### WHAT YOU SHOULD DO
Give the number of lines in the records below that include "easier". Reply with that number alone.

### RECORDS FOR THIS EXERCISE
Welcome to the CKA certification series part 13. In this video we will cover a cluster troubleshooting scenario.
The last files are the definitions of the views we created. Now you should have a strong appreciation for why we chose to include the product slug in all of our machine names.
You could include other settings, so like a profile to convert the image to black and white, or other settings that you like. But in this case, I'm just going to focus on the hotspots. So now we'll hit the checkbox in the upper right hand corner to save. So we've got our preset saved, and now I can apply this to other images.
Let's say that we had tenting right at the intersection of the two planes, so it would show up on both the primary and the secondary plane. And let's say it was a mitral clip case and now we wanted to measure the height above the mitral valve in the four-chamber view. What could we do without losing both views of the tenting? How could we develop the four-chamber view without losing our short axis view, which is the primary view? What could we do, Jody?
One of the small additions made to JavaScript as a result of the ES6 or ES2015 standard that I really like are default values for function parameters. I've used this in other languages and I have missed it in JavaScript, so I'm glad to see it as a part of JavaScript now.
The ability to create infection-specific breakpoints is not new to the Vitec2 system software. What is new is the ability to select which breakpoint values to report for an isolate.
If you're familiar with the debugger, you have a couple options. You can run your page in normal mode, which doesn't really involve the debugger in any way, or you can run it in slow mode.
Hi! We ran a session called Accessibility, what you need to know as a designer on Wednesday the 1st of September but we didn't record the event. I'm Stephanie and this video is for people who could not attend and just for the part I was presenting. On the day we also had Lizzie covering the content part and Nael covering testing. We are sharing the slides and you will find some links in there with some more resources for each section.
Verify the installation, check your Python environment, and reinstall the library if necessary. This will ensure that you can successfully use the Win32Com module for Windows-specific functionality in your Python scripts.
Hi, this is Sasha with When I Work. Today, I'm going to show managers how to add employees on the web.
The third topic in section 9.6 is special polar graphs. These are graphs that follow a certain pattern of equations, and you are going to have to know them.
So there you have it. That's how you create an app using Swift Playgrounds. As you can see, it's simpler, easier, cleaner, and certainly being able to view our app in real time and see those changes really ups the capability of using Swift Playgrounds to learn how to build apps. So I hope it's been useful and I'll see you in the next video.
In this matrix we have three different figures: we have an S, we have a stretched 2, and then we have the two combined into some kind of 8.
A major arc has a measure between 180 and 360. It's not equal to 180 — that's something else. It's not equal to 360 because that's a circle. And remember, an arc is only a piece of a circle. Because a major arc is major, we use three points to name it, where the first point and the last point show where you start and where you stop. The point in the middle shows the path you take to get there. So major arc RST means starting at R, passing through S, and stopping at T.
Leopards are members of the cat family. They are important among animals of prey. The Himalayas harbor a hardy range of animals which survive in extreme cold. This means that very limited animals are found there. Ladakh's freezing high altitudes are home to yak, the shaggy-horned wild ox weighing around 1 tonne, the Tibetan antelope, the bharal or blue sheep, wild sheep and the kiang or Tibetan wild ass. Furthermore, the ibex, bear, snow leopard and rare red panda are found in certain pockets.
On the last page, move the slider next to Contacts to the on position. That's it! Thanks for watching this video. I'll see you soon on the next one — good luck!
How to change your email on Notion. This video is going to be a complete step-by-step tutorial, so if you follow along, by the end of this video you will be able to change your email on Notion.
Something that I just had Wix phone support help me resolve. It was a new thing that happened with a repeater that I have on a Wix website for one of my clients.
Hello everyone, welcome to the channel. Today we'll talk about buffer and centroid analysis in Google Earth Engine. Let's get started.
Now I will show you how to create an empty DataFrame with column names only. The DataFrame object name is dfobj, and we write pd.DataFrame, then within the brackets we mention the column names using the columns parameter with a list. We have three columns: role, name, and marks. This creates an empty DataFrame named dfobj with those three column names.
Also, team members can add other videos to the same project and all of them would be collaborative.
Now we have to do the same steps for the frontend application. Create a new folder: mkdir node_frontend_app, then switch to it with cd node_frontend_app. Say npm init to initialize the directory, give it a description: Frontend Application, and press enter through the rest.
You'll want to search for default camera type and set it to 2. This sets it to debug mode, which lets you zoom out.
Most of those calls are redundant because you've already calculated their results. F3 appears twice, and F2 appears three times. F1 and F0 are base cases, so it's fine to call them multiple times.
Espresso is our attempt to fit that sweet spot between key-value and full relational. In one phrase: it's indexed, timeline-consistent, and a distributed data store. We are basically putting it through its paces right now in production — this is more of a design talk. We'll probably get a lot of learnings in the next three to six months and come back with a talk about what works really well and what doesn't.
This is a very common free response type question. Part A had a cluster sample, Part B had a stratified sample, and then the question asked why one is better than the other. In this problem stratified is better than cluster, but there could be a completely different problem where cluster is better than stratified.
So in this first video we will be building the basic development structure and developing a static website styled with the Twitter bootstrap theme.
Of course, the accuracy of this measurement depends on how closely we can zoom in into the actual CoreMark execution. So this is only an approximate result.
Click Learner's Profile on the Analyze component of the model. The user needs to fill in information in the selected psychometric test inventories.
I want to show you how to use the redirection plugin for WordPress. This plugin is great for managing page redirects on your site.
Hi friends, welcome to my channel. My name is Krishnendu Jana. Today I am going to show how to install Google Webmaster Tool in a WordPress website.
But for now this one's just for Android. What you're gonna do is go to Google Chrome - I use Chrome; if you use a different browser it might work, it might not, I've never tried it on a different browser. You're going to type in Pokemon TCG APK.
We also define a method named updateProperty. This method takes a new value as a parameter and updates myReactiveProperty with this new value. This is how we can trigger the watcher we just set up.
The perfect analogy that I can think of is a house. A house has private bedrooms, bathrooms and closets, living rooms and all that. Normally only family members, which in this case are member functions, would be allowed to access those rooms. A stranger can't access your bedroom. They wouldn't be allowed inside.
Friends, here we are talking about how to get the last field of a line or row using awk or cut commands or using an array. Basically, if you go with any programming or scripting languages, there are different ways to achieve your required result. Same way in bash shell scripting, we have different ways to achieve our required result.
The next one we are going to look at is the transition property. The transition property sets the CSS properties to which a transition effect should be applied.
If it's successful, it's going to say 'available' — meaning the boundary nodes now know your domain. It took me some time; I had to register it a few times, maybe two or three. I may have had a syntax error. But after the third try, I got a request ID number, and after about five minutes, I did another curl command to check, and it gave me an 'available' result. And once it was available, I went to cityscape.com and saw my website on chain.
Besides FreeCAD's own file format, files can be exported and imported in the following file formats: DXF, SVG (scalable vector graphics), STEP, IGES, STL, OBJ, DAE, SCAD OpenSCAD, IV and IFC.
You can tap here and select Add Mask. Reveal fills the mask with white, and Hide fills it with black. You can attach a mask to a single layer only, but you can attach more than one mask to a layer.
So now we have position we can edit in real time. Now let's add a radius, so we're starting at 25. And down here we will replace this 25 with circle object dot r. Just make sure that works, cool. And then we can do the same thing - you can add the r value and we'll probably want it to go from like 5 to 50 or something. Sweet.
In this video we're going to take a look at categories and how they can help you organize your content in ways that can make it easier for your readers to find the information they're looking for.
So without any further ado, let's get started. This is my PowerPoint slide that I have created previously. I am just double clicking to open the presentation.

### SOLUTION BELOW
2